◆ Directions for this task ◆
In the material below, find the line with "MillTek Audi 2.5TFSI" and the line with "椰绒白面包-福晶园益生菌蛋糕面包(璞丽中心店)". Output exactly those two lines and all lines between them, leaving out pictures.

◆ Records for this exercise ◆
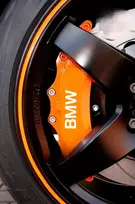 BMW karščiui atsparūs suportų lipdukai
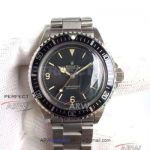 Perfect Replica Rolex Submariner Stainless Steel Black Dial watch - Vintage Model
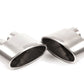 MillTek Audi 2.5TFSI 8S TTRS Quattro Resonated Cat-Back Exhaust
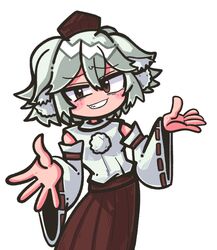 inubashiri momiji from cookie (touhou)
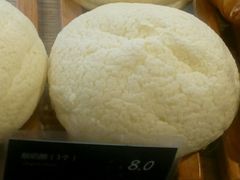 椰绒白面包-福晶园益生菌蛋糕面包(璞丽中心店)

---

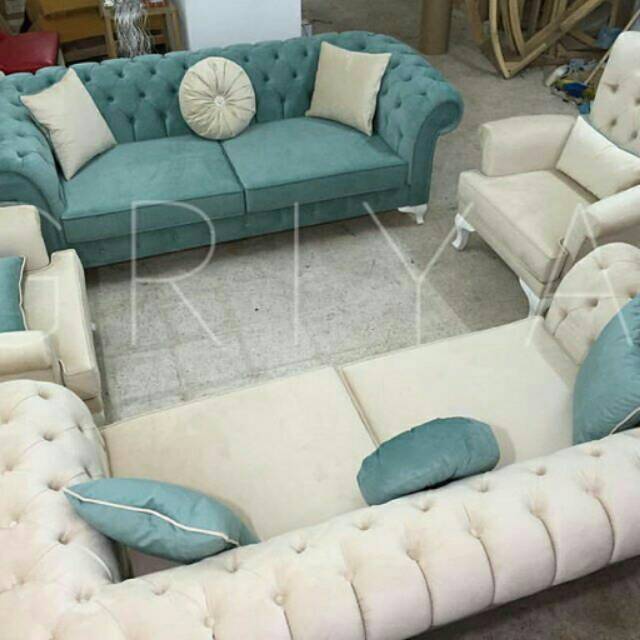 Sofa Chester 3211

◆ Answer section ◆
 MillTek Audi 2.5TFSI 8S TTRS Quattro Resonated Cat-Back Exhaust
 inubashiri momiji from cookie (touhou)
 椰绒白面包-福晶园益生菌蛋糕面包(璞丽中心店)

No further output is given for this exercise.